I have been to conferences before that combine science with literature or the visual arts, but “Theatres of Science” is the first I know of to celebrate connections between science and the dramatic arts. The conference was organized by Michael Carklin, who – along with his Glamorgan colleagues – accepted presentations from directors, actors, performance artists and dancers as well as from playwrights, scientists, educators and literary scholars. The result was a highly varied meeting. I attended as a physicist who has written plays and performance pieces with scientific themes; I also gave a presentation with the playwright Lauren Gunderson.

The conference was partly a response to the recent artistic and commercial successes of so-called science plays, notably Michael Frayn’s Copenhagen. Not all the delegates agreed that science plays constitute a distinct genre. But putting science into a play does present special opportunities and problems. Recognizing this, Gunderson and I offered the following definition at the conference. A science play is one in which scientists and scientific ideas, ethical issues or interactions with society are important dramatic elements, but where the science is confined to known limits or reasonable projections. (The science in a science-fiction play, in contrast, does not need to be real.)

Stories or lectures

Stage works with scientific elements date back to ancient Greek drama.

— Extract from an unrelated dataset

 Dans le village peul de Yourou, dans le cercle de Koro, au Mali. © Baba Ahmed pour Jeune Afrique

Some are well known, such as Friedrich Dürrenmatt’s The Physicists and Bertolt Brecht’s Life of Galileo. However, the success of Copenhagen, coupled with today’s growing scientific awareness, has encouraged a recent spate of science plays (see “When science takes to the stage” Physics World November 2002 pp32-33). No single person could attend all the conference sessions or show expertise in all the sciences covered, which ranged from psychology and biomedicine to hard-edged physical science. I attended a cross-section of events, but was especially interested in physical science, and so, it appears, are playwrights. Topics from physics, chemistry and astronomy are popular, especially the seminal ideas of quantum mechanics and chaos theory, possibly because these ideas are broad enough to support a range of dramatic uses.

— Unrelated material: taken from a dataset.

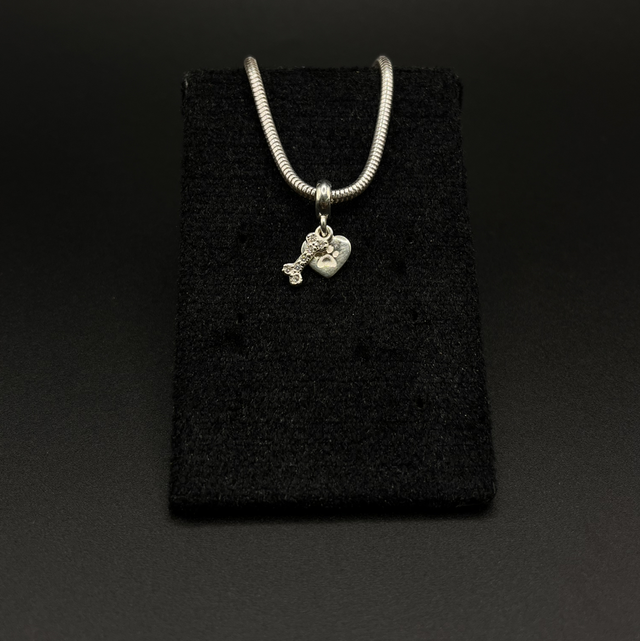 Berloque Vínculo Pet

Scientists might expect a play involving quantum physics to explain the quantum basics, but playwrights want to tell dramatic stories, not offer scientific lectures. If an idea like “chaos” appears, it is likely to be as an organizing scheme that a playwright uses to construct a play, as in Tom Stoppard’s Arcadia. Expanding this theme in his talk “Storytelling in a quantum world”, Jim Maiwurm of the Department of Theater Arts at the State University of New York at Stony Brook noted that whereas religion and mythology once provided significant metaphors for storytelling, now audiences expect science to explain the world. This drives and justifies the metaphorical use of scientific concepts in Copenhagen, Arcadia and other works such as Penny Penniston’s Now Then Again, which draws on the many-worlds hypothesis of quantum theory. Taking this metaphorical approach probably as far as it can go, Zachary Dunbar of Royal Holloway, University of London, presented an elaborate analysis of the role of the chorus in Sophocles’ Oedipus Tyrannus in terms of the late Ilya Priggogine’s ideas about non-equilibrium thermodynamics.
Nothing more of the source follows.